We want the same functionality but without actually using smart contract scripts. We want to use regular transactions using the primitives of public keys and signatures.
Agenda
I am going to introduce Scriptless Scripts using Schnorr signatures in the way they were originally described. Schnorr is not yet supported in bitcoin but we’re going to describe how to do this with ECDSA which is currently deployed on bitcoin. We’ll ask some questions like why is ECDSA different from Schnorr? Once we get done with this, then I want to talk about some known issues with 2p-ECDSA. It’s going to be about threshold cryptography and threshold signature are dealing with similar problems. Eventually we will see a big list of experiments that we can do today with using the ECDSA for Scriptless Scripts toolbox ESS. I hope to convince you that this is efficient and secure to do it today.
Schnorr signatures
Let’s first look at Schnorr signatures which is useful for scriptless scripts and we’ll compare against ECDSA. So we choose a random k, then we compute R = k * G. We compute the signature as k + the hash of R, P and m.
Adaptor signatures
For scriptless scripts, there’s a shtik. It’s adaptor signatures. Basically we’re taking a Schnorr signature and we’re writing s’ which is the addition of this Schnorr signature with the adaptor little p. As it turns out, using this shtik we can — all the other– …
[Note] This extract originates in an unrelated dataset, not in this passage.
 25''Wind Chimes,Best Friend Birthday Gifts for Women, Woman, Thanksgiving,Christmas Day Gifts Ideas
Scriptless script atomic swap
This is the canonical example of scriptles s scripts. Say you want to trade bitcoin for litecoin on-chain. So the wallet sends some information about the adaptors, and the prime is the signatures in the … public key.. is not known public key… Using this information, they can’t do anything but make sure that the signatures are indeed adaptor signatures. But so now, what you do is send two signatures, two Schnorr signatures to wallet A. Using this signature and his own signature on litecoin, for s-a, wallet can get the coins on litecoin. Publishing s-a will now allow the other counterparty to do this computation and extract a secret and use it to compute on s-a’ and he can now get the bitcoin.
There are many more examples beyond atomic swaps. This is just the basic idea of how it works.
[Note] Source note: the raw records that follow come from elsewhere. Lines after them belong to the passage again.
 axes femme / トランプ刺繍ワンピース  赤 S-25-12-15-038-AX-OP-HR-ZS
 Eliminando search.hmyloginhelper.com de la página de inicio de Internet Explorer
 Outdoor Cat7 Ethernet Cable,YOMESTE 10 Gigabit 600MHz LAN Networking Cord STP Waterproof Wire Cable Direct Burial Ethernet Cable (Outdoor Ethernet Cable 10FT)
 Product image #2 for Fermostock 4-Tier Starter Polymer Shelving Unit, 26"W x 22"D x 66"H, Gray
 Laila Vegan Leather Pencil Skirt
There’s a list of open questions about this. We will focus on the ECDSA support question. There was a slide from a few years ago that Andrew Poelstra gave in a talk.
ECDSA scriptless scripts: the hard questions
What’s wrong with ECDSA that we needed Schnorr? And we need to understand how to implement with ECDSA because we’ll see it’s not as simple as using Schnorr signatures.
ECDSA vs Schnorr signatures
Schnorr signatures are considered more simple than ECDSA. There’s a few more differences. One is that as you can see when you compute this s value, in ECDSA we’re using this non-linear term where we take the inverse of the nonce, and under the hash function in ECDSA it’s just a message but in Schnorr it’s also the point out. Eventually the signatures look similar. In Schnorr it’s a point, and in ECDSA it’s …. a modulo…
ECDSA has no security proof, it’s malleable, and not linear. EC-Schnorr is provably secure under ROMDL. Provably non-malleable, and it has linearity property.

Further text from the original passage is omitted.